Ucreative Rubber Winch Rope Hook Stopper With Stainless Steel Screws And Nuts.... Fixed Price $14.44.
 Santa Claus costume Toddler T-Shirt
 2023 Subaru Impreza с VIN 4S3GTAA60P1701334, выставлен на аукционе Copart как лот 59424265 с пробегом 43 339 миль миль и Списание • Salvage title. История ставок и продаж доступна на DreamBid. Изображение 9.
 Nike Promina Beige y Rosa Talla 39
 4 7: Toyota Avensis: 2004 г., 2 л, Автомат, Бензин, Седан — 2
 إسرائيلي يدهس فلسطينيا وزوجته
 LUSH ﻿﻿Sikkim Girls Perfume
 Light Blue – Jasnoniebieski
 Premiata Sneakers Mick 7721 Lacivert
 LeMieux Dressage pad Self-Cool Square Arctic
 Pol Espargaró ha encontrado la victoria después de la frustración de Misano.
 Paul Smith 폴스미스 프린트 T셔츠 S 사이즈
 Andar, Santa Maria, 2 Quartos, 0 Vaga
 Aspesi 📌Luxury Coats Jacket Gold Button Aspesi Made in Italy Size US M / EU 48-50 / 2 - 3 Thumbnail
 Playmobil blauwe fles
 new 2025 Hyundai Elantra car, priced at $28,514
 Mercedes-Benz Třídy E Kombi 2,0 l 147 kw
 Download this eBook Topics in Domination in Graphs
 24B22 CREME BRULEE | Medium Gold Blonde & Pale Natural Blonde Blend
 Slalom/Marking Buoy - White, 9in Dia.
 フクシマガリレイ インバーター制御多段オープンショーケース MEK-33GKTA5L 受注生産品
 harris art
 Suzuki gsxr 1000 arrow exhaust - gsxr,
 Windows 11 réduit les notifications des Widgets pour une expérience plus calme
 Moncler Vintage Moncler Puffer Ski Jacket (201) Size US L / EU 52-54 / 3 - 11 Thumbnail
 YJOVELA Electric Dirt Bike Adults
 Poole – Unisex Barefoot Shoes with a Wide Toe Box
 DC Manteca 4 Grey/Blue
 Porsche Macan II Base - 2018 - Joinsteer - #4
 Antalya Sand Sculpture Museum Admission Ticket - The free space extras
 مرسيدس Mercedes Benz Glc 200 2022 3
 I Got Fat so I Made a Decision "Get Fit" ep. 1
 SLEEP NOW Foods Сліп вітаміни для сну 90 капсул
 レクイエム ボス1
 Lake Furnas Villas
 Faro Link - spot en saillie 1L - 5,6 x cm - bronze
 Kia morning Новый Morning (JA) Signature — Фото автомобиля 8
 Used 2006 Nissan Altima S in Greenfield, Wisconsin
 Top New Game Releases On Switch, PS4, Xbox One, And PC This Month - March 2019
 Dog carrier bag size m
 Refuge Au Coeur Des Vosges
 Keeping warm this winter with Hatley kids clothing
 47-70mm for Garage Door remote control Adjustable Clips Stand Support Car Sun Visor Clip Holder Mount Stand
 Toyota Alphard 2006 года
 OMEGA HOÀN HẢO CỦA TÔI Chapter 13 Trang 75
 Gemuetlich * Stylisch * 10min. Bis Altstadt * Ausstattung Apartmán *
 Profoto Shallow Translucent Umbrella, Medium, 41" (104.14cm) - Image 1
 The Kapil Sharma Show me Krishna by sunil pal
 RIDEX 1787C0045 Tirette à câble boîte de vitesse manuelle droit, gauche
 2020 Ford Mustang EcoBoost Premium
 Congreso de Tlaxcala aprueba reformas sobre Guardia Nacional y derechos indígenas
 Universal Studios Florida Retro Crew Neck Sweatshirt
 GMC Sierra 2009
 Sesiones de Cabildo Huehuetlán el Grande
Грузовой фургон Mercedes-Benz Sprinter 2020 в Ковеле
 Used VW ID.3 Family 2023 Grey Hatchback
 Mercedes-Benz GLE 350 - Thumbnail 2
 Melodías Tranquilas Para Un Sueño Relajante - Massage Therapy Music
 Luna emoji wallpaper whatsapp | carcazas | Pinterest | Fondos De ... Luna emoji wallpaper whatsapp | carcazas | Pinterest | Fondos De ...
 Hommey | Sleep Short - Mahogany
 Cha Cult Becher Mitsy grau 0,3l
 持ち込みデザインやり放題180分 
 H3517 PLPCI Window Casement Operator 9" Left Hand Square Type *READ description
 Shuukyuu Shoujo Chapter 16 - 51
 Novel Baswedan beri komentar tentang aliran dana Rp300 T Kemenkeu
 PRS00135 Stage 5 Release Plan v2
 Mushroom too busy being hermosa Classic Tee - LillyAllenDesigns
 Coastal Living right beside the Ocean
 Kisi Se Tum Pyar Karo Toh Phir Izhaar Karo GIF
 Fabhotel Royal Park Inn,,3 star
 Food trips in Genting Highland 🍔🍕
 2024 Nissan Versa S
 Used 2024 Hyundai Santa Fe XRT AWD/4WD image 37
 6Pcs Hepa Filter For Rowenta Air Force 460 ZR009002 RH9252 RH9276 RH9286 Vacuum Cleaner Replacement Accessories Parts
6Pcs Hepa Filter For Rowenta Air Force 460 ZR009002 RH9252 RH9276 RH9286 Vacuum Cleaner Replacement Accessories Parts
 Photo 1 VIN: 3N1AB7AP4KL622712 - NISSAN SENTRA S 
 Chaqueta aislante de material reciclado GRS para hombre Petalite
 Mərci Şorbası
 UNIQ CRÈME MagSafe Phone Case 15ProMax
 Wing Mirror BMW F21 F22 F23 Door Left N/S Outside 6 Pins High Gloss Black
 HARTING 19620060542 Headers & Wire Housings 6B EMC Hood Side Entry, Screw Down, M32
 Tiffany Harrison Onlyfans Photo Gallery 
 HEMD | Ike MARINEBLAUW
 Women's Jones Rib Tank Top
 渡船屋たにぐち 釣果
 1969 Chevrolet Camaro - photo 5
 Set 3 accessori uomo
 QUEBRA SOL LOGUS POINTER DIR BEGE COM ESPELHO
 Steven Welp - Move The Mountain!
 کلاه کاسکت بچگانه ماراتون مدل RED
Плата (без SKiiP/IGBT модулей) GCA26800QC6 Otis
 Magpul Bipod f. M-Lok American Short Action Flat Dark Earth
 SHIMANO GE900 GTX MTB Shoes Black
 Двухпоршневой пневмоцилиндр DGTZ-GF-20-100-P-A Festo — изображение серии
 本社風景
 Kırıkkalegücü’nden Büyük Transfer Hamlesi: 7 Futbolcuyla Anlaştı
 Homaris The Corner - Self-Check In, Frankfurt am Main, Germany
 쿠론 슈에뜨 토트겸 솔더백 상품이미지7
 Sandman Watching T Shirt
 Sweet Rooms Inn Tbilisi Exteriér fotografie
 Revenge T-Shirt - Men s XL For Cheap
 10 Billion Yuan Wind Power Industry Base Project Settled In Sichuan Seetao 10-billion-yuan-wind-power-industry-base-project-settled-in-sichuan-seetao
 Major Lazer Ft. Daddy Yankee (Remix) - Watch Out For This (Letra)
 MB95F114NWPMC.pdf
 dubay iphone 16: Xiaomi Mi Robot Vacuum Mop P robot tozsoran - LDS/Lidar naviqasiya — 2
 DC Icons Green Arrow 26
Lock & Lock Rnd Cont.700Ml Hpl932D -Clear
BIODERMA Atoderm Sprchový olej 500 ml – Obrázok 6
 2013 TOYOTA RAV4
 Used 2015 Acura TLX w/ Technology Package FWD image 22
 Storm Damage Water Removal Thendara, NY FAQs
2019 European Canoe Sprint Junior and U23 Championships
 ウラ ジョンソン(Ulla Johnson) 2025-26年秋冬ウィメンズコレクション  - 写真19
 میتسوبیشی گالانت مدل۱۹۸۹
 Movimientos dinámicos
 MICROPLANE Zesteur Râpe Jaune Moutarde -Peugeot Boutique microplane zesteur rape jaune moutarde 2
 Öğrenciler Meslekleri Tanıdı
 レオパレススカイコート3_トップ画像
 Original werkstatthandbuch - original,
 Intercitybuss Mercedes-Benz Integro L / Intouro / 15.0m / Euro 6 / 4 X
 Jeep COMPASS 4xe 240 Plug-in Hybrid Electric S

_____

Exercise directions: Going back to the entries above, set down exactly the lines that begin at the one with "Mərci Şorbası" and end at the one with "HEMD | Ike MARINEBLAUW", both included, and nothing else.

Answer area:
 Mərci Şorbası
 UNIQ CRÈME MagSafe Phone Case 15ProMax
 Wing Mirror BMW F21 F22 F23 Door Left N/S Outside 6 Pins High Gloss Black
 HARTING 19620060542 Headers & Wire Housings 6B EMC Hood Side Entry, Screw Down, M32
 Tiffany Harrison Onlyfans Photo Gallery 
 HEMD | Ike MARINEBLAUW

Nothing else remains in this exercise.